Records supplied ::
· · · · ·
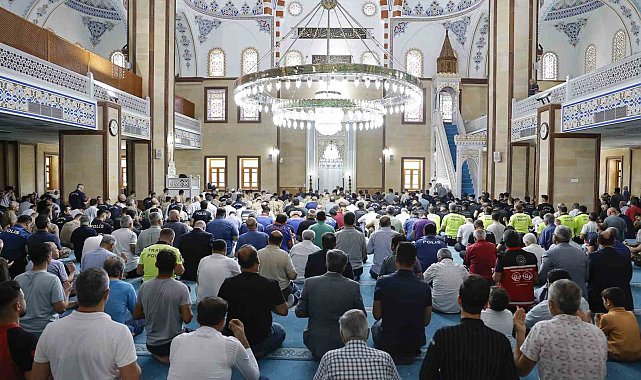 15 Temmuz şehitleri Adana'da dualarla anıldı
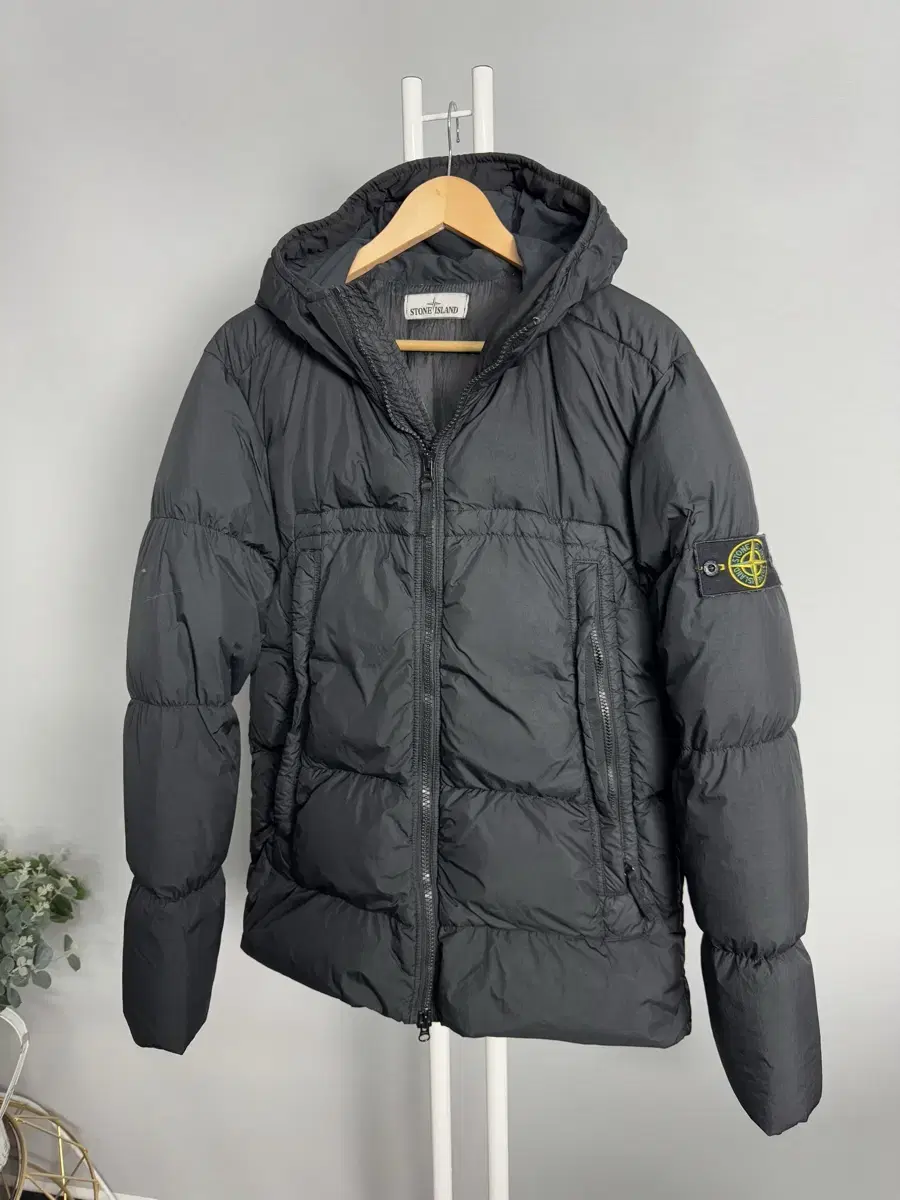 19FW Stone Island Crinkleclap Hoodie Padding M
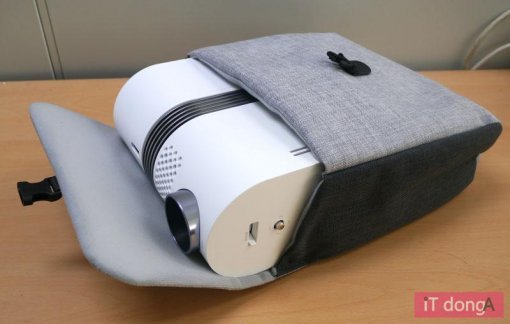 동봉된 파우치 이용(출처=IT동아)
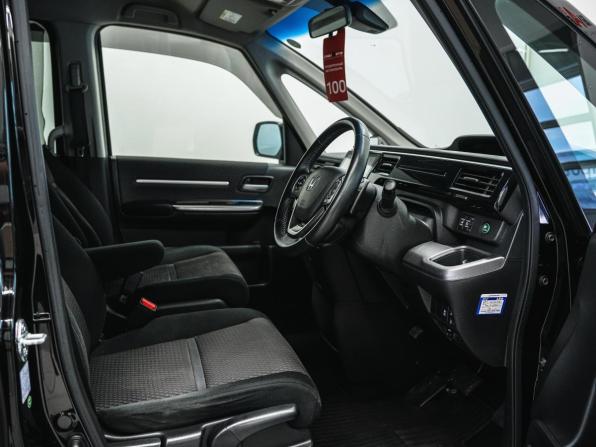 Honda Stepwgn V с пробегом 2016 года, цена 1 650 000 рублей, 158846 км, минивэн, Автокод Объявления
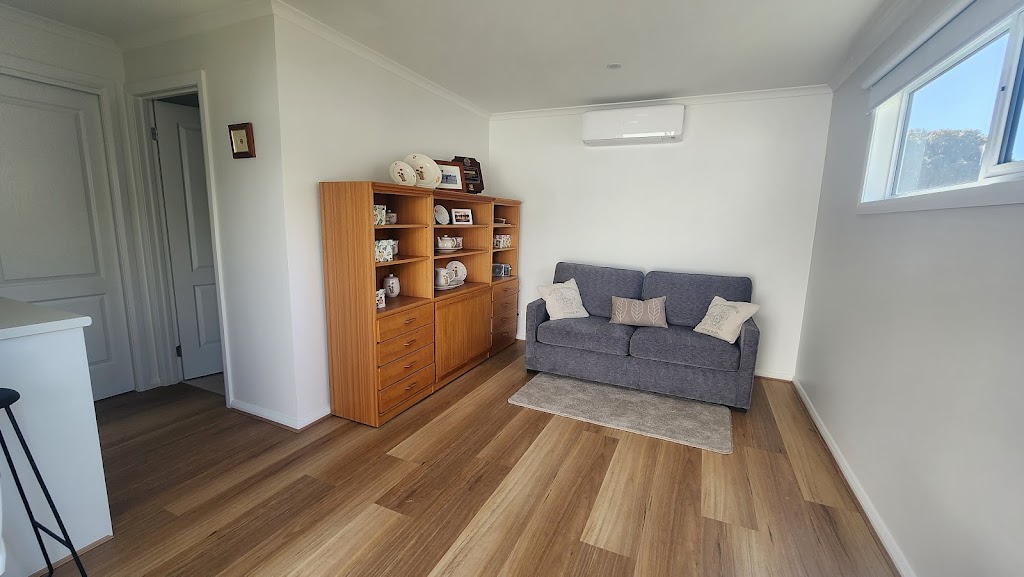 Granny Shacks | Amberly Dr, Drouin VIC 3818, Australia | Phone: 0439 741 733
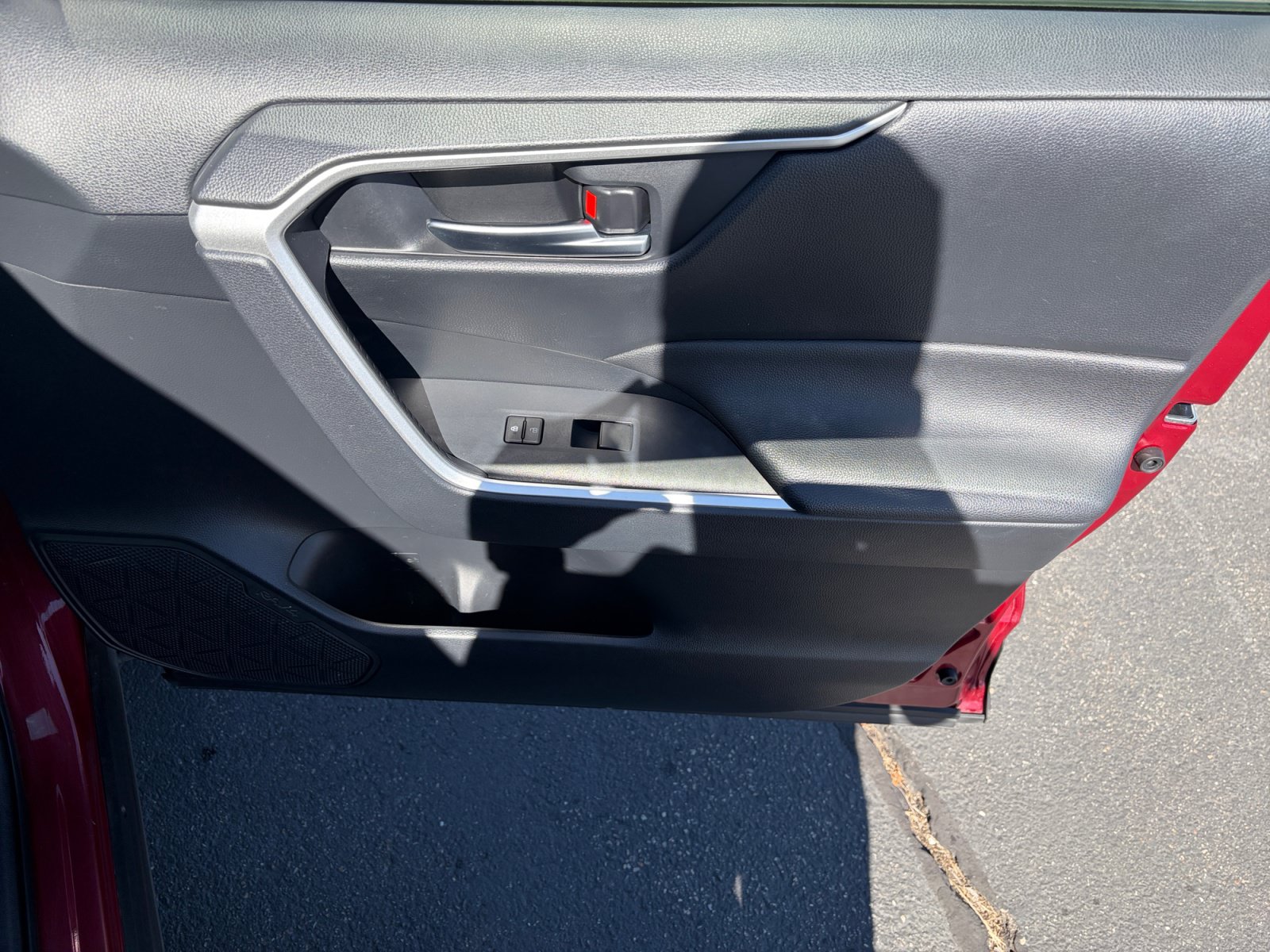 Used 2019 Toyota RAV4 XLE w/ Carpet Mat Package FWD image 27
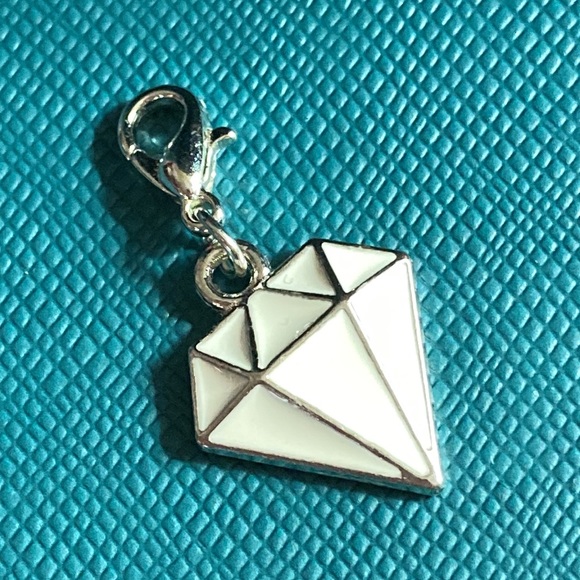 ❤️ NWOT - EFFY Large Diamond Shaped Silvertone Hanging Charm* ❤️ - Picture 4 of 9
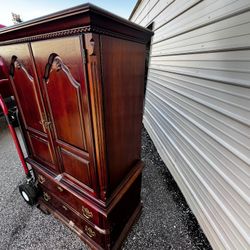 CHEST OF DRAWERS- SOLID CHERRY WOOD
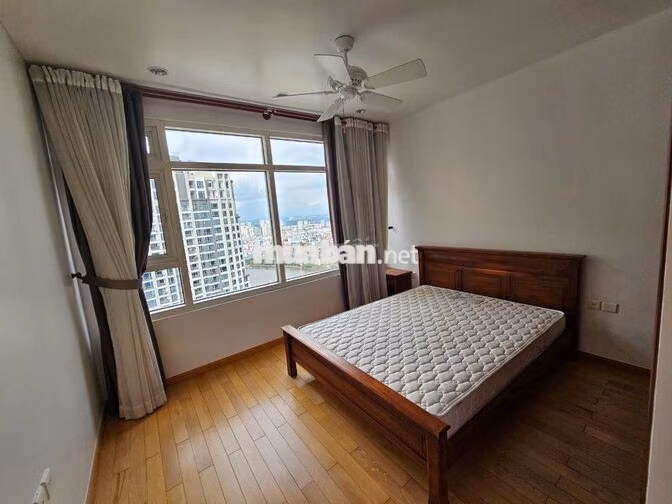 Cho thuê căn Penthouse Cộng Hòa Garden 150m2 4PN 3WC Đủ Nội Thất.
· · · · ·
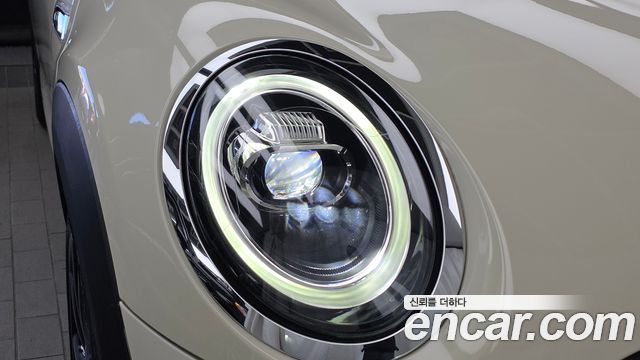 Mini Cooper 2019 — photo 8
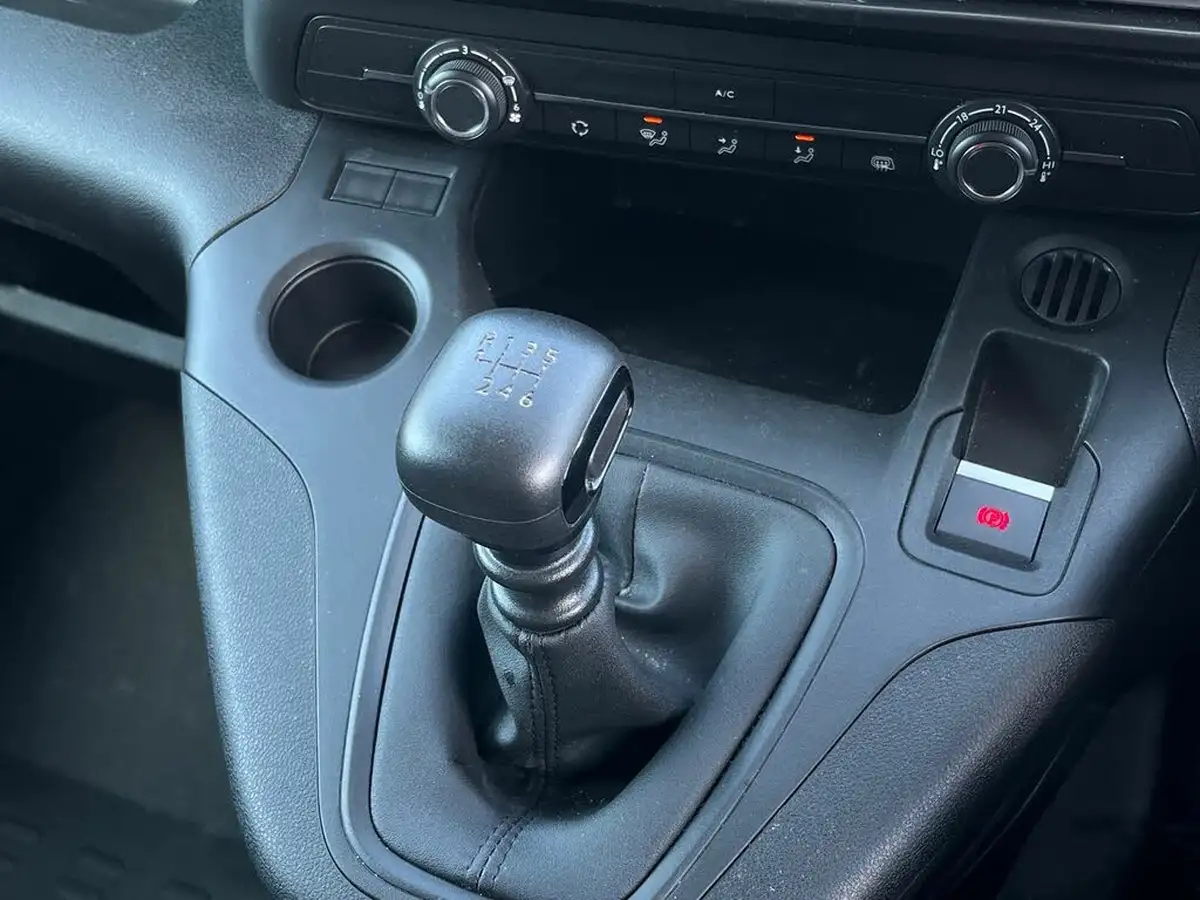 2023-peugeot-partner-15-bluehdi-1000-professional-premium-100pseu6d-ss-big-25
· · · · ·
What you should do :: Please output the lines above beginning at the line with "15 Temmuz şehitleri Adana'da dualarla anıldı" and ending after the line with "Granny Shacks |", precisely as written and with no pictures.

Exercise output ::
 15 Temmuz şehitleri Adana'da dualarla anıldı
 19FW Stone Island Crinkleclap Hoodie Padding M
 동봉된 파우치 이용(출처=IT동아)
 Honda Stepwgn V с пробегом 2016 года, цена 1 650 000 рублей, 158846 км, минивэн, Автокод Объявления
 Granny Shacks | Amberly Dr, Drouin VIC 3818, Australia | Phone: 0439 741 733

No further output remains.